Record excerpts below:
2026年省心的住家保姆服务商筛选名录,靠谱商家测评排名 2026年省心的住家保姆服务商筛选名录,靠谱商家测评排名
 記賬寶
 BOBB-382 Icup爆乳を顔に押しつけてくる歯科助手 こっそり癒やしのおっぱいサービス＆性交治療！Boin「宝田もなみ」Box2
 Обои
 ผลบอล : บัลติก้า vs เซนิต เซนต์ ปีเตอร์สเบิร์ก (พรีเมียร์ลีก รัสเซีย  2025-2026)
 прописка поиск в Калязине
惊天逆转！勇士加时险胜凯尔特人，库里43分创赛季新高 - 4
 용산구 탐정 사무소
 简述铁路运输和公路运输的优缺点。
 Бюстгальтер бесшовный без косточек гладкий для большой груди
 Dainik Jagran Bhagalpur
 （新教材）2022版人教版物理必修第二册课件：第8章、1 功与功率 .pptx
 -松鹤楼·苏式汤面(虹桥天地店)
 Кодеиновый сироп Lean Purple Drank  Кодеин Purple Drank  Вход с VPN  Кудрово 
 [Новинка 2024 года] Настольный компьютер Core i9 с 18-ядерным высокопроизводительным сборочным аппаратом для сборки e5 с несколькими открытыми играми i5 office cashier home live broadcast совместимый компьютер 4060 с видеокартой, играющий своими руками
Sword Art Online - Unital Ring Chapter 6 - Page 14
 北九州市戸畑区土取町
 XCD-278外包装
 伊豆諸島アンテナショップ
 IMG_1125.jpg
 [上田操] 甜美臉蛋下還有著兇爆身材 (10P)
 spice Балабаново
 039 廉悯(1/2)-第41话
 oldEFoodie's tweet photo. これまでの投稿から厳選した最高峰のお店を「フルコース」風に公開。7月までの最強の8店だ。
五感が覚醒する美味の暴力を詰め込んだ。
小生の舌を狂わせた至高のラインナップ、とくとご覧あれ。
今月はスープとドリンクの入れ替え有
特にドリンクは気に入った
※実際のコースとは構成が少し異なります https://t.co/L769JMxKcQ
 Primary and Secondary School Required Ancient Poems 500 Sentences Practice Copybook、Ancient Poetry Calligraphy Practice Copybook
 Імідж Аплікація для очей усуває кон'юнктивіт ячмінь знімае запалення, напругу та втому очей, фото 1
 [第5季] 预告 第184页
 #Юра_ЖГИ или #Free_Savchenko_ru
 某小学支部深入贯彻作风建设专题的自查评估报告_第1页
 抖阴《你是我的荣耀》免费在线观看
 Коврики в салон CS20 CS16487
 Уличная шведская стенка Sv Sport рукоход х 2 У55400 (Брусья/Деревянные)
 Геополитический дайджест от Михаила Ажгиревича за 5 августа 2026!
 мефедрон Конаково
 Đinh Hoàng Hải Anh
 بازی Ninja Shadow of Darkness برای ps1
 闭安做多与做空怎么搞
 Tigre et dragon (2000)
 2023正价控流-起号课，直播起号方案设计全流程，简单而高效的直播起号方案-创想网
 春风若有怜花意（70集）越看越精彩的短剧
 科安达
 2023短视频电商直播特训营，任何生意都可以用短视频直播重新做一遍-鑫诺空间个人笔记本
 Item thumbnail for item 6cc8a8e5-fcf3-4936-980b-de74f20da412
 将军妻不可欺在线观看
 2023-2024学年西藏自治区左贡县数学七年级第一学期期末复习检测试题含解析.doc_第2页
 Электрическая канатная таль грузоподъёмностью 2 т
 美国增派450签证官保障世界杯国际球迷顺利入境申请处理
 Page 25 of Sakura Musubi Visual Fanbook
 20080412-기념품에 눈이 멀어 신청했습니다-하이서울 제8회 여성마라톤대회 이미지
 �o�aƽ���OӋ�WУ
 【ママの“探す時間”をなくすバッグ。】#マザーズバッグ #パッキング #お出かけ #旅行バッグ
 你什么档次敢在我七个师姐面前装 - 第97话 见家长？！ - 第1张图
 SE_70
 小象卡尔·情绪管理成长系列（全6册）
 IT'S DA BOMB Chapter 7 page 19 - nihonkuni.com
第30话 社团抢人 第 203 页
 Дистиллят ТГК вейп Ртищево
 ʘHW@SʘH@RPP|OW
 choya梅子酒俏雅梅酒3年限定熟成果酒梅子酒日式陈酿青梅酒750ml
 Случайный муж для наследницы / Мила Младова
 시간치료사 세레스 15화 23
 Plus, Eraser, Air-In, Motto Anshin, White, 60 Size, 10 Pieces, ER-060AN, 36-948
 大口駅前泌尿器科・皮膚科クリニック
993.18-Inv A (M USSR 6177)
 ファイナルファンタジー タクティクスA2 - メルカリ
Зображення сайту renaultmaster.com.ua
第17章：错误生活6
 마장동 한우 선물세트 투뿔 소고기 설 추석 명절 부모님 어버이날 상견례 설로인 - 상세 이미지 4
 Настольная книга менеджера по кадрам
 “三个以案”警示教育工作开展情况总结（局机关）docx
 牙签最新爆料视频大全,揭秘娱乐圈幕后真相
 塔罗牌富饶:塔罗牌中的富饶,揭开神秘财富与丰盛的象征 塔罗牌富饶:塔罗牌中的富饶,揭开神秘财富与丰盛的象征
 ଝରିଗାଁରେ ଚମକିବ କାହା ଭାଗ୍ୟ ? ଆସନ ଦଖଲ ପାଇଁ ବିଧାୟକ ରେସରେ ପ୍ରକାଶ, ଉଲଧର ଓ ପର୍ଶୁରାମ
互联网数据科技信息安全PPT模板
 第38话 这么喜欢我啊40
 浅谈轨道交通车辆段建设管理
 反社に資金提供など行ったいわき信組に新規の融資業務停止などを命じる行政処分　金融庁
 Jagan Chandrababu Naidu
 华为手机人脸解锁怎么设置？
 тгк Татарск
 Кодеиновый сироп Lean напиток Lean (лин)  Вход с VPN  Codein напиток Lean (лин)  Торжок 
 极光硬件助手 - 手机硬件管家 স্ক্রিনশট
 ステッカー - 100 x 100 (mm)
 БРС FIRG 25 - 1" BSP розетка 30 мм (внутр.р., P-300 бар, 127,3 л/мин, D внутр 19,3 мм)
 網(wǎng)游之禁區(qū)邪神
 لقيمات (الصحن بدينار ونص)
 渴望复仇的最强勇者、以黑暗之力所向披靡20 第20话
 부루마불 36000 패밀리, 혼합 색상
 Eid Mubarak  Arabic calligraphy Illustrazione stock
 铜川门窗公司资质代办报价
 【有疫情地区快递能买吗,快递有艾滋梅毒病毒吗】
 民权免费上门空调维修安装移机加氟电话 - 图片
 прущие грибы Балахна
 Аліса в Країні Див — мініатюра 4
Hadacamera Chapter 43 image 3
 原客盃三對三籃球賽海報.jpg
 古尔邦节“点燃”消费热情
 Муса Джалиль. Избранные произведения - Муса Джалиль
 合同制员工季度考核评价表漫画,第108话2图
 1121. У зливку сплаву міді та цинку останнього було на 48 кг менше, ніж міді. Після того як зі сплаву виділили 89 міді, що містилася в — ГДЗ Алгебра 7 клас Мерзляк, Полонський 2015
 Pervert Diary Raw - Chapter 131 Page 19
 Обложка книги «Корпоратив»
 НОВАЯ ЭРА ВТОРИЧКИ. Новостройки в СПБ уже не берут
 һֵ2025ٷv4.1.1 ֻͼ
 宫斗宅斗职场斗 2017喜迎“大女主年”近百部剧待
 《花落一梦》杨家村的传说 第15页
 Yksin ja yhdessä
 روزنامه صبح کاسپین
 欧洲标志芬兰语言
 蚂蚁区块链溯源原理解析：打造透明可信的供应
End of Record excerpts.
Problem to work on: Every entry, from the first line to the last, should be retyped exactly.

Problem solution:
2026年省心的住家保姆服务商筛选名录,靠谱商家测评排名 2026年省心的住家保姆服务商筛选名录,靠谱商家测评排名
 記賬寶
 BOBB-382 Icup爆乳を顔に押しつけてくる歯科助手 こっそり癒やしのおっぱいサービス＆性交治療！Boin「宝田もなみ」Box2
 Обои
 ผลบอล : บัลติก้า vs เซนิต เซนต์ ปีเตอร์สเบิร์ก (พรีเมียร์ลีก รัสเซีย  2025-2026)
 прописка поиск в Калязине
惊天逆转！勇士加时险胜凯尔特人，库里43分创赛季新高 - 4
 용산구 탐정 사무소
 简述铁路运输和公路运输的优缺点。
 Бюстгальтер бесшовный без косточек гладкий для большой груди
 Dainik Jagran Bhagalpur
 （新教材）2022版人教版物理必修第二册课件：第8章、1 功与功率 .pptx
 -松鹤楼·苏式汤面(虹桥天地店)
 Кодеиновый сироп Lean Purple Drank  Кодеин Purple Drank  Вход с VPN  Кудрово 
 [Новинка 2024 года] Настольный компьютер Core i9 с 18-ядерным высокопроизводительным сборочным аппаратом для сборки e5 с несколькими открытыми играми i5 office cashier home live broadcast совместимый компьютер 4060 с видеокартой, играющий своими руками
Sword Art Online - Unital Ring Chapter 6 - Page 14
 北九州市戸畑区土取町
 XCD-278外包装
 伊豆諸島アンテナショップ
 IMG_1125.jpg
 [上田操] 甜美臉蛋下還有著兇爆身材 (10P)
 spice Балабаново
 039 廉悯(1/2)-第41话
 oldEFoodie's tweet photo. これまでの投稿から厳選した最高峰のお店を「フルコース」風に公開。7月までの最強の8店だ。
五感が覚醒する美味の暴力を詰め込んだ。
小生の舌を狂わせた至高のラインナップ、とくとご覧あれ。
今月はスープとドリンクの入れ替え有
特にドリンクは気に入った
※実際のコースとは構成が少し異なります https://t.co/L769JMxKcQ
 Primary and Secondary School Required Ancient Poems 500 Sentences Practice Copybook、Ancient Poetry Calligraphy Practice Copybook
 Імідж Аплікація для очей усуває кон'юнктивіт ячмінь знімае запалення, напругу та втому очей, фото 1
 [第5季] 预告 第184页
 #Юра_ЖГИ или #Free_Savchenko_ru
 某小学支部深入贯彻作风建设专题的自查评估报告_第1页
 抖阴《你是我的荣耀》免费在线观看
 Коврики в салон CS20 CS16487
 Уличная шведская стенка Sv Sport рукоход х 2 У55400 (Брусья/Деревянные)
 Геополитический дайджест от Михаила Ажгиревича за 5 августа 2026!
 мефедрон Конаково
 Đinh Hoàng Hải Anh
 بازی Ninja Shadow of Darkness برای ps1
 闭安做多与做空怎么搞
 Tigre et dragon (2000)
 2023正价控流-起号课，直播起号方案设计全流程，简单而高效的直播起号方案-创想网
 春风若有怜花意（70集）越看越精彩的短剧
 科安达
 2023短视频电商直播特训营，任何生意都可以用短视频直播重新做一遍-鑫诺空间个人笔记本
 Item thumbnail for item 6cc8a8e5-fcf3-4936-980b-de74f20da412
 将军妻不可欺在线观看
 2023-2024学年西藏自治区左贡县数学七年级第一学期期末复习检测试题含解析.doc_第2页
 Электрическая канатная таль грузоподъёмностью 2 т
 美国增派450签证官保障世界杯国际球迷顺利入境申请处理
 Page 25 of Sakura Musubi Visual Fanbook
 20080412-기념품에 눈이 멀어 신청했습니다-하이서울 제8회 여성마라톤대회 이미지
 �o�aƽ���OӋ�WУ
 【ママの“探す時間”をなくすバッグ。】#マザーズバッグ #パッキング #お出かけ #旅行バッグ
 你什么档次敢在我七个师姐面前装 - 第97话 见家长？！ - 第1张图
 SE_70
 小象卡尔·情绪管理成长系列（全6册）
 IT'S DA BOMB Chapter 7 page 19 - nihonkuni.com
第30话 社团抢人 第 203 页
 Дистиллят ТГК вейп Ртищево
 ʘHW@SʘH@RPP|OW
 choya梅子酒俏雅梅酒3年限定熟成果酒梅子酒日式陈酿青梅酒750ml
 Случайный муж для наследницы / Мила Младова
 시간치료사 세레스 15화 23
 Plus, Eraser, Air-In, Motto Anshin, White, 60 Size, 10 Pieces, ER-060AN, 36-948
 大口駅前泌尿器科・皮膚科クリニック
993.18-Inv A (M USSR 6177)
 ファイナルファンタジー タクティクスA2 - メルカリ
Зображення сайту renaultmaster.com.ua
第17章：错误生活6
 마장동 한우 선물세트 투뿔 소고기 설 추석 명절 부모님 어버이날 상견례 설로인 - 상세 이미지 4
 Настольная книга менеджера по кадрам
 “三个以案”警示教育工作开展情况总结（局机关）docx
 牙签最新爆料视频大全,揭秘娱乐圈幕后真相
 塔罗牌富饶:塔罗牌中的富饶,揭开神秘财富与丰盛的象征 塔罗牌富饶:塔罗牌中的富饶,揭开神秘财富与丰盛的象征
 ଝରିଗାଁରେ ଚମକିବ କାହା ଭାଗ୍ୟ ? ଆସନ ଦଖଲ ପାଇଁ ବିଧାୟକ ରେସରେ ପ୍ରକାଶ, ଉଲଧର ଓ ପର୍ଶୁରାମ
互联网数据科技信息安全PPT模板
 第38话 这么喜欢我啊40
 浅谈轨道交通车辆段建设管理
 反社に資金提供など行ったいわき信組に新規の融資業務停止などを命じる行政処分　金融庁
 Jagan Chandrababu Naidu
 华为手机人脸解锁怎么设置？
 тгк Татарск
 Кодеиновый сироп Lean напиток Lean (лин)  Вход с VPN  Codein напиток Lean (лин)  Торжок 
 极光硬件助手 - 手机硬件管家 স্ক্রিনশট
 ステッカー - 100 x 100 (mm)
 БРС FIRG 25 - 1" BSP розетка 30 мм (внутр.р., P-300 бар, 127,3 л/мин, D внутр 19,3 мм)
 網(wǎng)游之禁區(qū)邪神
 لقيمات (الصحن بدينار ونص)
 渴望复仇的最强勇者、以黑暗之力所向披靡20 第20话
 부루마불 36000 패밀리, 혼합 색상
 Eid Mubarak  Arabic calligraphy Illustrazione stock
 铜川门窗公司资质代办报价
 【有疫情地区快递能买吗,快递有艾滋梅毒病毒吗】
 民权免费上门空调维修安装移机加氟电话 - 图片
 прущие грибы Балахна
 Аліса в Країні Див — мініатюра 4
Hadacamera Chapter 43 image 3
 原客盃三對三籃球賽海報.jpg
 古尔邦节“点燃”消费热情
 Муса Джалиль. Избранные произведения - Муса Джалиль
 合同制员工季度考核评价表漫画,第108话2图
 1121. У зливку сплаву міді та цинку останнього було на 48 кг менше, ніж міді. Після того як зі сплаву виділили 89 міді, що містилася в — ГДЗ Алгебра 7 клас Мерзляк, Полонський 2015
 Pervert Diary Raw - Chapter 131 Page 19
 Обложка книги «Корпоратив»
 НОВАЯ ЭРА ВТОРИЧКИ. Новостройки в СПБ уже не берут
 һֵ2025ٷv4.1.1 ֻͼ
 宫斗宅斗职场斗 2017喜迎“大女主年”近百部剧待
 《花落一梦》杨家村的传说 第15页
 Yksin ja yhdessä
 روزنامه صبح کاسپین
 欧洲标志芬兰语言
 蚂蚁区块链溯源原理解析：打造透明可信的供应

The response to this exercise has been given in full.